トヨタ7号車のリタイア後、アウディとポルシェが激しく争った
激戦を制しアウディ2号車がみごと優勝

 なお、無念のリタイアとなったトヨタ7号車の中嶋選手は「こういうのを痛恨の極みというのだろうか。言葉が見つからない。我々を支えてくれた全ての人達に申し訳ない気持ちで一杯だ。あの瞬間までは素晴らしいレースをしていたと思っている。よいペースでレースをリードしていた。こういうことがあり得るとは思っていたが、今回実際に起こってしまった。しかし、これがル・マンであり、だからこそ挑戦し甲斐もあるのだと思う。また挑戦する」とコメントを発表。

 また、チーム代表の木下美明氏はレース後に「ル・マンでの3位は大変喜ぶべき名誉だが、我々のTS040 HYBRIDは勝てるスピードを持っていただけに、今日は複雑な気持ちだ。予想外の出来事が多く、改めてこれがル・マンなんだと実感した。幸運は要らないが、もう少しアクシデントが少なければ、と思う。しかし、それがモータースポーツであり、結果は厳粛に受け止めなければならない。この経験を糧に、我々はより強くなって帰って来る。

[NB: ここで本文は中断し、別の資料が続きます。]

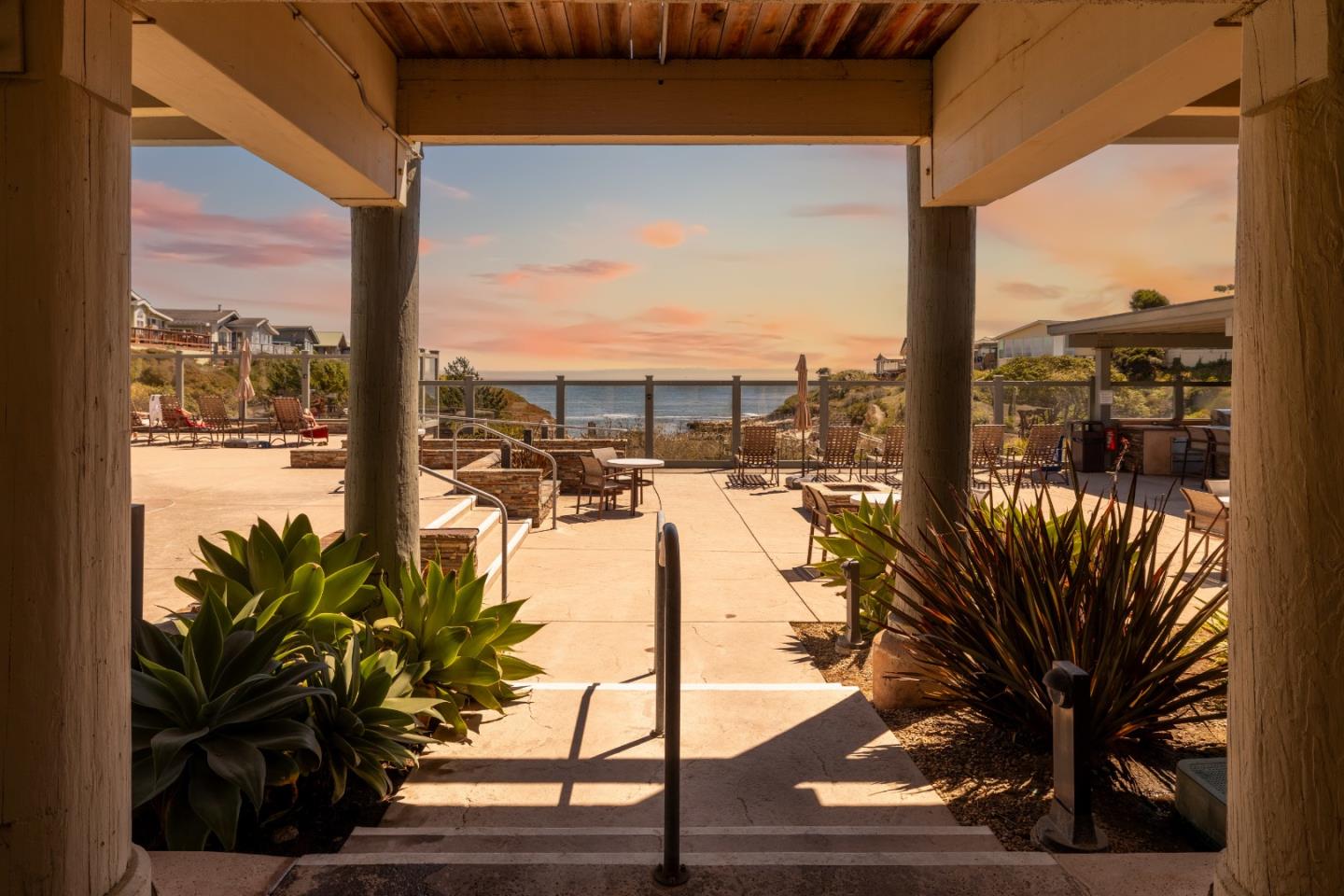 2395 Delaware AVE 165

加えて、世界選手権に照準を合わせ、次のアメリカ・オースティン戦から再び全力を尽くす。#8の酷いダメージを短時間で修復してくれたチームメンバー、またそのクルマで諦めること無く走り続け、3位表彰台を獲得したドライバーに心から感謝したい。自分はこのチームを誇りに思う。最後に、アウディ、ポルシェの素晴らしいパフォーマンスを讃えたい。このレースに参加した全員が非常に激しく戦い、素晴らしいスピリットを見せてくれた」と述べている。